Friday, January 25, 2008
Relative difficulty: Medium
Woo hoo, new Quarfoot! It feels as if it's been a while. In some ways, I wish that the puzzle author's name were hidden until I completed the puzzle - I really think it affects my mindset. If I see Bob Klahn, I can feel my insides clenching. Ditto Byron Walden (both Great constructors, just ... harrowing; I like them the way I imagine people like scary movies or roller coasters). Seeing Quarfoot's name automatically raises my expectations, such that I am perhaps no longer as blown away as I used to be by his puzzles because I've seen such amazing things in the past. That said, I still found this puzzle quite impressive. It had that peppy combination of contemporary and old-fashioned, with lots of colloquial expressions and unexpected letter combinations. I have more frowny faces on my annotated puzzle than I normally do for a Friday, but these are mainly clue quibbles, I think. Let's see.
Quarfoot almost always has a splashy 1A, and today is no exception. The Iraq War has largely been an international disaster, but it has been a boon for constructors of crosswords, who have found all kinds of exotica suddenly in-the-language and therefore permissible in the grid. I've seen AL JAZEERA and AL ZARQAWI in the past year, and today I get the less Scrabbly but no less unusual SADR CITY (1A: War-torn Baghdad suburb). Had the CITY part before I ever saw the clue, so it was easy. I started the puzzle at EL NIÑO (16A: Weather Channel topic) which gave me the "L" for ELM (10D: _____ bark beetle - a guess, but what else was it going to be?). That gave me the "M" for 18A: Key that doesn't include 58-Across (E major), which I absolutely did not know, but I knew enough to write an -OR at the end and then consult 58-Across, where I found 58A: It's almost a B, scorewise - I know enough about music to know that B is the equivalent of a C-flat, but "almost"? How can a note "almost" be another note? The only reasonable response here ended up being the right one: A SHARP. Very, very nice that A-SHARP and E MAJOR are symmetrical in the grid.
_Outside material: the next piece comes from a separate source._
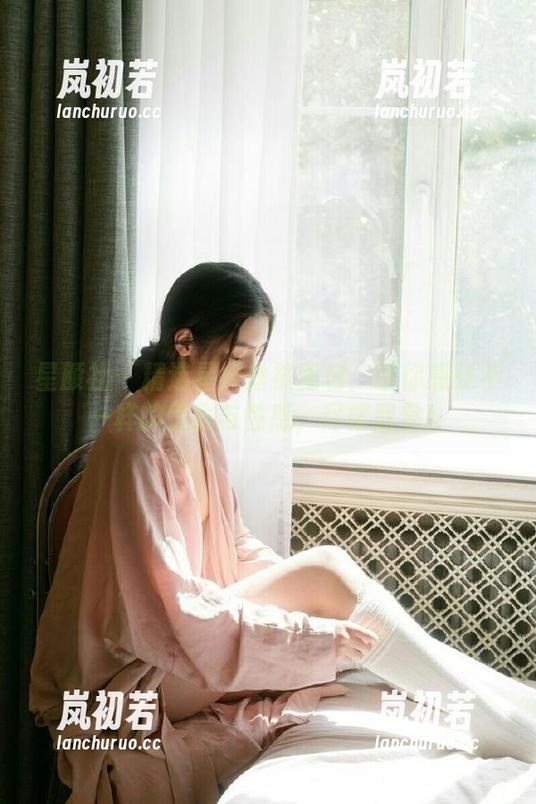 星颜社-星冉 星颜社 - 精选星冉丝袜图包:带你感受不一样的优雅与性感,尽情欣赏!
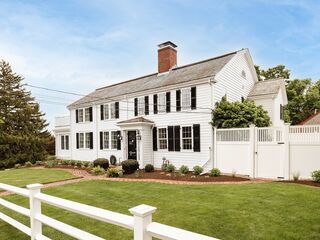 Photo of real estate for sale located at 11 Water St Duxbury, MA 02332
I also like A SHARP over ITUNES (62A: Apple application), as it's a very familiar combination to me - A SHARP who listens to his ITUNES every day (even as I write this, in fact).
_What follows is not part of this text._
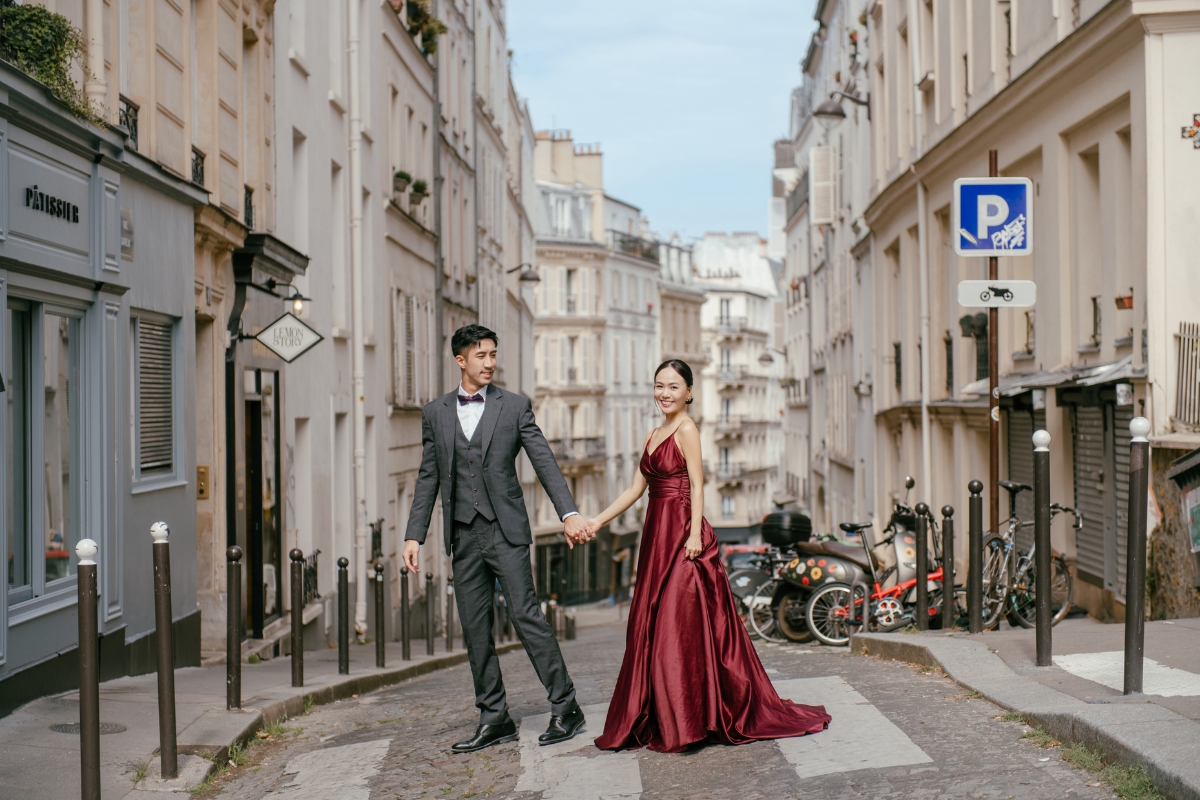 Paris Pre-wedding photoshoot Luxembourg Garden Palais-Royal Eiffel Tower Cafe Saint Honoré Wall of Love by Arnel on OneThreeOneFour 19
My biggest problem today was in the San Francisco area of the puzzle, where I got completely spooked by a mysterious city (!): 41A: Onetime Serbian capital (nis). NIS!? Yikes. Until I looked it up (after I finished the puzzle, duh), I thought "capital" meant "currency." But no, it's an actual place - birthplace of Constantine the Great, in fact. Who knew? (please don't tell me you did). Not having spent much time in Manhattan, I also got spooked by 37A: Part of Manhattan's Alphabet City (Avenue C), which sat right atop NIS. The Downs were not helping, especially 2D: It forbids religious tests for political office (Article VI) - ARTICLE was easy enough, but that Roman numeral could have been anything as far as I was concerned. Thankfully, I convinced myself that 1936 was not in fact too early to be part of MEL OTT's career (31A: 1936 N.L. leader in slugging percentage), and that whole section subsequently opened up. Love seeing OTT (crosswordese) given the full-name treatment, btw. I was horribly flummoxed by 24D: Word in some British place names (Upon) - I had the "U" and could barely think of any English word that could fit there, let alone one that would be appropriate to the clue. Of course in retrospect the answer seems obvious.
It was a good day to know your Spanish, which provided key answers in both the Iowa and the SoCal portions of the puzzle. Both OSOS (30D: Zoo de Madrid beasts) and OESTE (49D: Dirección sailed by Columbus) have a good deal of currency in the puzzle, so despite my not knowing much Spanish, I got these easily. It was also a good day to be an English professor who enjoys comics, as NAHUM Tate (50D: British poet Tate) and E.C. SEGAR (43D: Swee' Pea's creator) both decided to show up (again) today - SEGAR shows up quite a bit, actually, and NAHUM Tate has certainly been in the puzzle in the past year. He wrote the libretto to Purcell's "Dido & Aeneas" (late 17th c.), among other things.
Funky pop culture:
- 65A: Judge of films (Reinhold) - HA ha. Best known for a masturbation scene in "Fast Times at Ridgemont High" (great film - Sean Penn has never been better).
- 56D: 1982 film title role for Bruce Boxleitner (Tron) - double HA ha. Common answer, but never having seen the movie, I didn't know TRON was actually the name of some dude in the movie. I thought it was just a generally electronic-sounding name. I think Bruce Boxleitner was / is married to Melissa Gilbert. Oh, yeah, here we go. Rich.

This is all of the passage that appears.